The Franciscan Crown (or Seraphic Rosary) is a rosary consisting of seven decades in commemoration of the Seven Joys of the Virgin, namely, the Annunciation, the Visitation, the Nativity of Jesus, the Adoration of the Magi, the Finding in the Temple, the Resurrection of Jesus, and finally, either or both the Assumption of Mary and the Coronation of the Virgin. Devotion to the seven joys of Mary is found in a variety of forms and communities. It is especially popular with the Franciscans, Cistercians, and the Annunciades of St. Joan of France. The devotion was granted many indulgences by different popes, becoming the most heavily indulgenced devotion in the Catholic Church. In order for any associated indulgences to be received it was not necessary for a Franciscan rosary to have been blessed or even to use beads at all.

==History==
The Franciscan Crown has variously been called the Franciscan Rosary, the Seraphic Rosary or the Rosary of the Seven Joys of Our Lady. The "Seven Joys" is a devotion that recalls seven joyful episodes in the life of the Blessed Virgin Mary. The practice originated among the Franciscans in early 15th-century Italy. The themes resemble the 12th-century Gaudes, Latin praises that ask Mary to rejoice because God has favored her in various ways.

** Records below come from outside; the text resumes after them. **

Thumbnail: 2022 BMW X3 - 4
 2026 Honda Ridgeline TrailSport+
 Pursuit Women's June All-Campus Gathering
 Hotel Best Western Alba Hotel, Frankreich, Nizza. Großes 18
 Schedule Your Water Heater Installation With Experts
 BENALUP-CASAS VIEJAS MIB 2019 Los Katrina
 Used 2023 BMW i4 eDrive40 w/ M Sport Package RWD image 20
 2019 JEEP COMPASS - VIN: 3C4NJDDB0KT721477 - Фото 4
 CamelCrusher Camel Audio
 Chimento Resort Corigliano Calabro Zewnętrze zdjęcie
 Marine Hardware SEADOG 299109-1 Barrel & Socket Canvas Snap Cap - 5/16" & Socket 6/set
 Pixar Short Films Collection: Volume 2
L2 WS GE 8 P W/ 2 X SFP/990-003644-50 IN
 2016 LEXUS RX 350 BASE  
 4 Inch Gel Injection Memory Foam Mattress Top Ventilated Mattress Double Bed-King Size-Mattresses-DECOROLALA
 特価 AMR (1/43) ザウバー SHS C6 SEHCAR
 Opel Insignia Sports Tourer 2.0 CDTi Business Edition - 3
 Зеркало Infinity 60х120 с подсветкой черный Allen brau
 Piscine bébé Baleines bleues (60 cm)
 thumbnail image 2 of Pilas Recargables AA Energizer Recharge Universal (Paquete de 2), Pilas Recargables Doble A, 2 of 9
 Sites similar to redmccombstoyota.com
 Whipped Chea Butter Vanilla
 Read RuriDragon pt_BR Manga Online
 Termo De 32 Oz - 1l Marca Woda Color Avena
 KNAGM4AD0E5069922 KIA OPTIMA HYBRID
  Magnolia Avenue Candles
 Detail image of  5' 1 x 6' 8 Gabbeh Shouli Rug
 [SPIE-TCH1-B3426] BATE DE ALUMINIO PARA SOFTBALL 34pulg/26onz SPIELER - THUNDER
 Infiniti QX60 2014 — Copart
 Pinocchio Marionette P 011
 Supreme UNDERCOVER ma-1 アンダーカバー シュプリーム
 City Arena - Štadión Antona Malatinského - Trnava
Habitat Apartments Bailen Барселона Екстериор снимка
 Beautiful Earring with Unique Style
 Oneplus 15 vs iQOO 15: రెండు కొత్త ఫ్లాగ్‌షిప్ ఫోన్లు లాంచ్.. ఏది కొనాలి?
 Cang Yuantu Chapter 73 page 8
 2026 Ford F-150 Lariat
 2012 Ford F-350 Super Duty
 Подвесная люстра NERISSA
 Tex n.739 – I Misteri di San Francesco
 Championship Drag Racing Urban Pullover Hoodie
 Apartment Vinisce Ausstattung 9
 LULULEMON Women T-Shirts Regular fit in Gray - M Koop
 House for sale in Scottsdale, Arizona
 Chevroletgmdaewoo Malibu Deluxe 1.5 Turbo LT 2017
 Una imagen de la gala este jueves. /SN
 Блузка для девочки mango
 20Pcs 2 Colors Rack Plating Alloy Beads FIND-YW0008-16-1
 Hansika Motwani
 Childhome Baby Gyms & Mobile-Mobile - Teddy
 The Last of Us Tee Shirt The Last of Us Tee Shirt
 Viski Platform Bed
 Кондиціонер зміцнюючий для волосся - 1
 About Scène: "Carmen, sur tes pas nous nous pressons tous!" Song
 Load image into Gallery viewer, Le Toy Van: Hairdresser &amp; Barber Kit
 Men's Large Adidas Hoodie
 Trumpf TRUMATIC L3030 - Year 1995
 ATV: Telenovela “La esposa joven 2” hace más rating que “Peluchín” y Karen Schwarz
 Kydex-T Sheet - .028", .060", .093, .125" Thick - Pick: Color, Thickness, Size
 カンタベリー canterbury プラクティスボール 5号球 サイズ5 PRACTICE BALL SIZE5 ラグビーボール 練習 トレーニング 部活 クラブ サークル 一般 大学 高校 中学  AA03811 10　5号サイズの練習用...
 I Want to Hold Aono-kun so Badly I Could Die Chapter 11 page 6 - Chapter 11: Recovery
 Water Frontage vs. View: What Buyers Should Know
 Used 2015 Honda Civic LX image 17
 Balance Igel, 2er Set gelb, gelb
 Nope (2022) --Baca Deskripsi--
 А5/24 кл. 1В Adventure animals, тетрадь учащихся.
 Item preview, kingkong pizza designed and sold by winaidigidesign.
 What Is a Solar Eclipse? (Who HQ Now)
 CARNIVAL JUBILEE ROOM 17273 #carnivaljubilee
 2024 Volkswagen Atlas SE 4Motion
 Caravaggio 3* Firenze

The Franciscan historian, Luke Wadding (1588-1657) dates the origin of the Franciscan Crown to the year 1422. According to Franciscan tradition, in 1422 an apparition of the Blessed Virgin Mary took place in Assisi, to a Franciscan novice named James. As a child, he had the custom of offering daily the Virgin Mary a crown of roses. When he entered the Friars Minor, he became distressed that he would no longer be able to offer this gift. The Blessed Virgin appeared to him to give him comfort and showed him another daily offering that he might do: to pray every day seven decades of Hail Marys, meditating between each decade on one of the seven joys that she had experienced in her life.

Among the Friars Minor, the promotion of this devotion is attributed to Bonaventure, Cherubin of Spoleto, John Capistran, Pelbart of Temesvár, and Bernardino of Siena to mention a few. Bernadine is also said to have had a vision of the Virgin Mary when he was meditating on the seven joys of Mary.

According to Charles Sammons, "The Franciscan Crown offers us a chance to meditate on certain mysteries that we do not find in the Dominican Rosary [traditional Rosary], such as the Adoration of the Magi."

==Order of prayers==
Following a brief period of meditation on each mystery, one Lord's Prayer and ten Hail Marys are prayed in order.

It is customary, after the seventh mystery, to pray two more Hail Marys to bring the total number to seventy-two in honor of the tradition that Mary lived for seventy-two years.